North to Alaska where the.....couldn't resist that Lola. CI, Syn, & Lady Jane, (that's an interesting and tantrum backed up handle LJ.)
What were we discussing, Yes as infrastructure and modes of travel in general have exploded with such magnitude over the last fifty years or so especially, everything has changed. At one time you married the girl/boy from the same village, hamlet, town etc. your family or somebody they knew well would know the background etc of your intended beau.. A little like an arranged marriage so to speak. The travel expansion and planet earth shrinkage combined, now lead to much different horisons. Lola having rendered perfect examples. I think you are aware my wife is of American descent. Now when I met her she was living in England with her grandfather, a fine specimen of a man, who carried a shillelagh and actually beat the bonnet of my car with it, on our second date, when I took her home 15 minutes late. He also narrowly missed my skull one time (that's another story, remind me in the future)
He did not care for his innocent sweet and beautiful 17 year old granddaughter going out with a flash leather jacket wearing, city originated clever clogs like me. I grew to love the old iron head though and he lived with us from some five months after our wedding, until he passed away eleven years later. He was 84 years old, and had raised my wife virtually from birth, and maintained and looked after her even after his own wife died , my wife being 11 years of age when that happened. I have to admit the protection he afforded her gave me cause for concern at first, but as I realised the hell he had been through to raise her, his love for her was beyond explanation, I held him in extremely high estimation, and still think of him with a great deal of warmth. So my explanation is formidable, but look how easy it is today to marry somebody from anywhere on the planet, they even have mail order brides.
Synonymph wrote:My home is wherever the center of my soul feels at peace. It could be anywhere. My truest self is a nomad.

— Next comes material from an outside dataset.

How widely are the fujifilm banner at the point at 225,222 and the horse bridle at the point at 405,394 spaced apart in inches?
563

I totally agree Synonymph - although I think I've finally found someplace I feel truly at home and would like to settle in at least for a while. When I saw the Blue Ridge Mountains of North Carolina - I felt an instant and very strong sense of recognition - though I had never been there before. It felt like my spirit's true home. I would have stayed there, but circumstances conspired to make me leave - and I've never been able to get back there to live again - although if I do go back to live in the US - that is where I'll live - in the benevolent shadow of those beautiful blue mountains.
I felt the same when I came to England. Although this is not the country of my birth - I believe it is encoded in my DNA somewhere - the British Isles are the home of my ancestors. Again, I felt instantly at home and familiar here though I've never been here before.

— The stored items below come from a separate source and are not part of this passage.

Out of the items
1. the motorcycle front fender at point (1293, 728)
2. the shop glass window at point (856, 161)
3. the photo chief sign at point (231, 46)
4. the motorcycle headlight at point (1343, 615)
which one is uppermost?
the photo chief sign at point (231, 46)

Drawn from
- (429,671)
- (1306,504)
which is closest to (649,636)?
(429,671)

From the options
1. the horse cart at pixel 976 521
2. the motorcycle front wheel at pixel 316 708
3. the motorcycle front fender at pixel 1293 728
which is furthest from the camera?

It reminds me of a song by Karla Bonoff I've always loved:
"And home sings me of sweet things,
My life there has its own wings
to fly over the mountains -
though I'm standing still".
Perhaps Aidan, there is reason as yet unknown for your arrival on these shores.

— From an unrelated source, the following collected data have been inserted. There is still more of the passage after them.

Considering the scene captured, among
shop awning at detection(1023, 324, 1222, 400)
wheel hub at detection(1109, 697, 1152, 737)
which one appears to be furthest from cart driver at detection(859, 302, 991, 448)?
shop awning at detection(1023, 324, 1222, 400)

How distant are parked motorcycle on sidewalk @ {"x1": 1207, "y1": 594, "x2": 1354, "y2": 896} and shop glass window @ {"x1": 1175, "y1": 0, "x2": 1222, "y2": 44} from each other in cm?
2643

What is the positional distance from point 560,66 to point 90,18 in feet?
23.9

Perhaps Aidan, there is reason as yet unknown for your arrival on these shores.
Perhaps Aidan, there is reason as yet unknown for your arrival on these shores.
Yes Mathos - perhaps there is.
perhaps there is.
perhaps there is.
Quote:North to Alaska where the.....couldn't resist that Lola.
Where the river is winding,
Big nuggets they're finding?
Why couldn't you resist that?
aiden, I've been to chimney rock park in north carolina when my nephew got married. the views are spectacular from there, and The Last of the Mohicans was filmed there.
And I am
still planing on going there sometime, c.i. We spoke of that place a long time ago...and you mentioned you had been there. It's not in the National Parks Registry, but it is a State Park and one I can hardly wait to visit! Thank you for the reminder, c.i.
You are welcome, Lady J. I hope you can visit soon.